● What to produce
Please restate word for word the lines of the entries below from the one with "Una azafata de vuelo amamantando a un bebé" to the one with "Woman black bikini lie down sideways beach", inclusive, and leave out every picture.
:: Records for processing ::
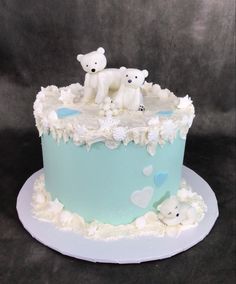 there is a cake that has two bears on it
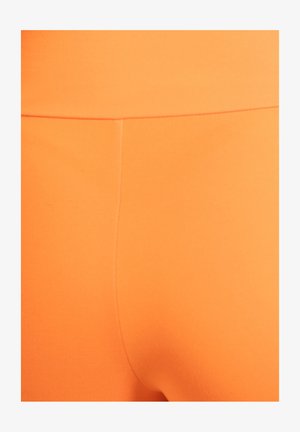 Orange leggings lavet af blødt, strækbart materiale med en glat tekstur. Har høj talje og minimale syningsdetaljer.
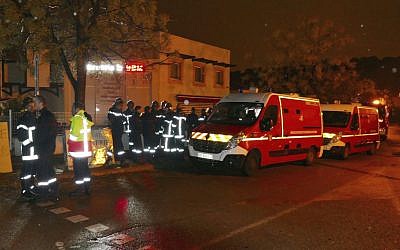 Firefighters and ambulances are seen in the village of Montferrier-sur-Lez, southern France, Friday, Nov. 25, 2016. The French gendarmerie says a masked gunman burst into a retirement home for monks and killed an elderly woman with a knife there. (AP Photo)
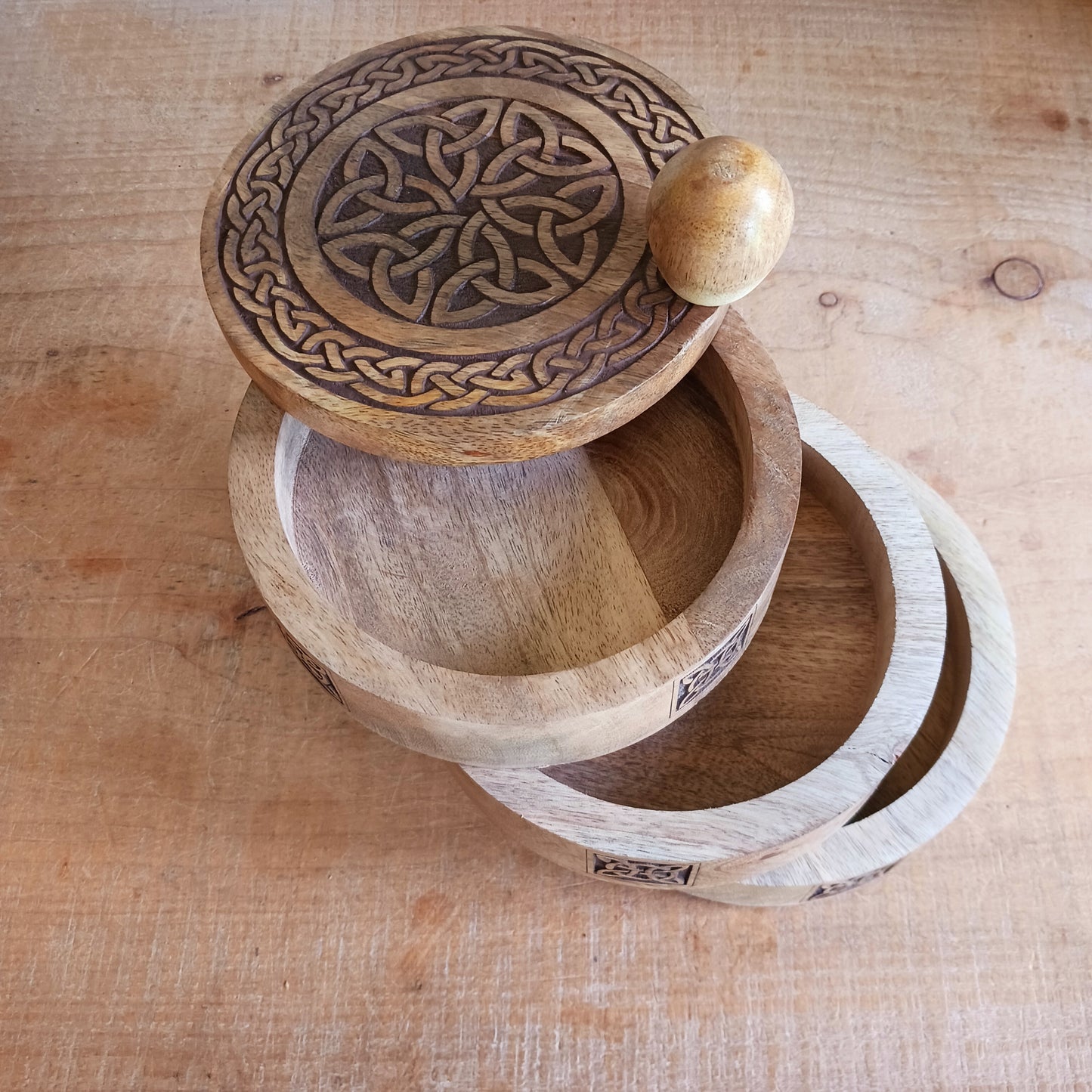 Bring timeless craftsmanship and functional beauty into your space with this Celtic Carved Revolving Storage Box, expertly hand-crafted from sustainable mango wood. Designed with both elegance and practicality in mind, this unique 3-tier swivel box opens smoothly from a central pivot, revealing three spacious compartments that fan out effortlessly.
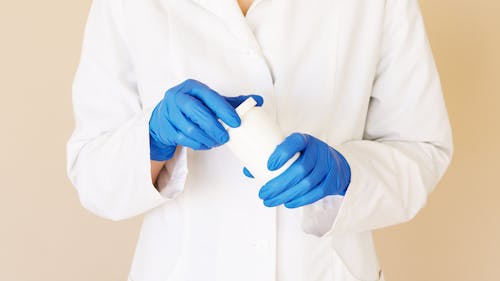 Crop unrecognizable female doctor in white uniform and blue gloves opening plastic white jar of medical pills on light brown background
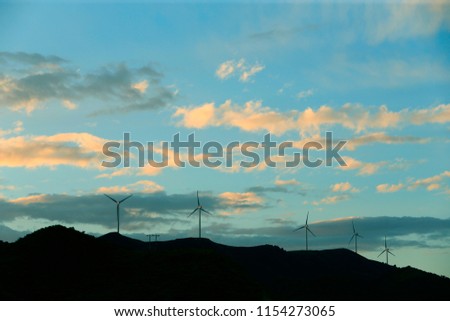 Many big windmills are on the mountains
:::
:: Records for processing ::
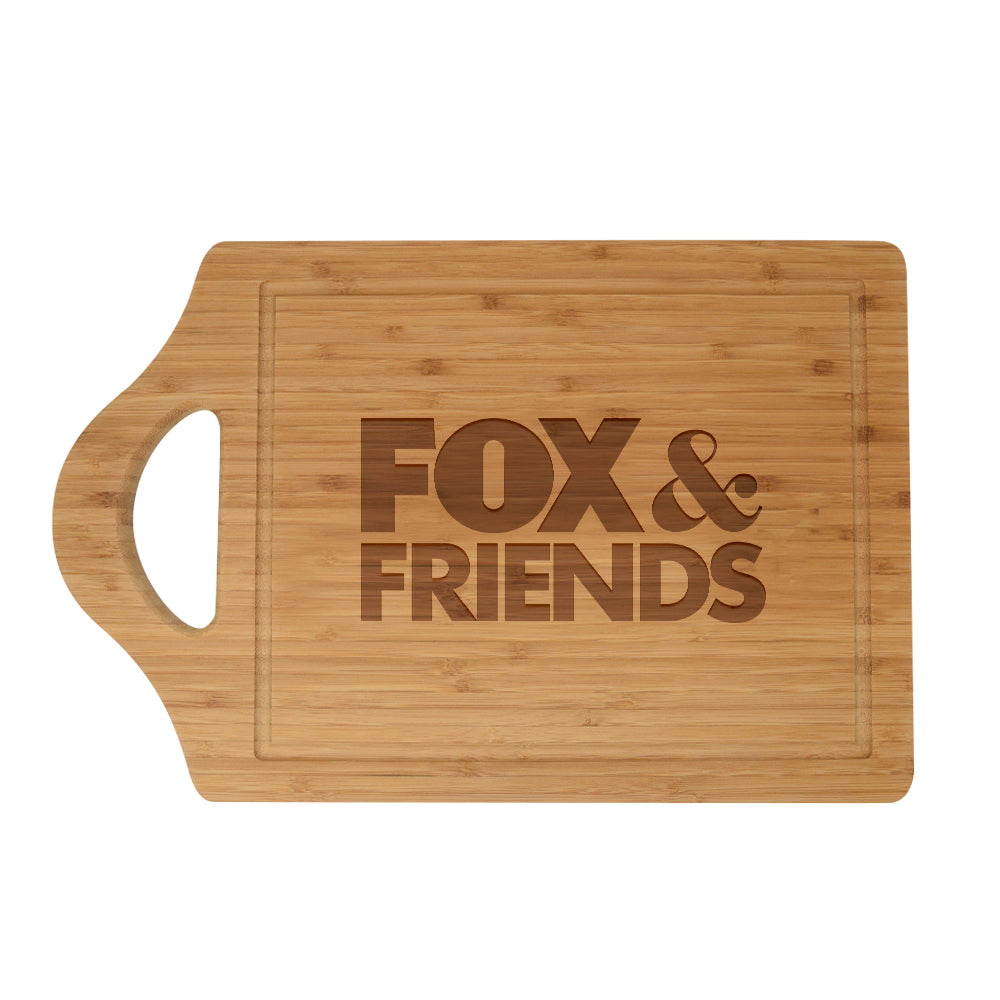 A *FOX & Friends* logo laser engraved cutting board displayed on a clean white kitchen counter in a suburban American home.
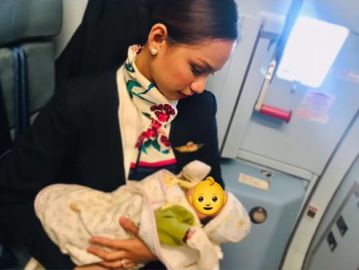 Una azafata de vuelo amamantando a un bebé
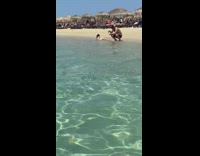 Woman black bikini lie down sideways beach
:::
● Your solution
 Una azafata de vuelo amamantando a un bebé
 Woman black bikini lie down sideways beach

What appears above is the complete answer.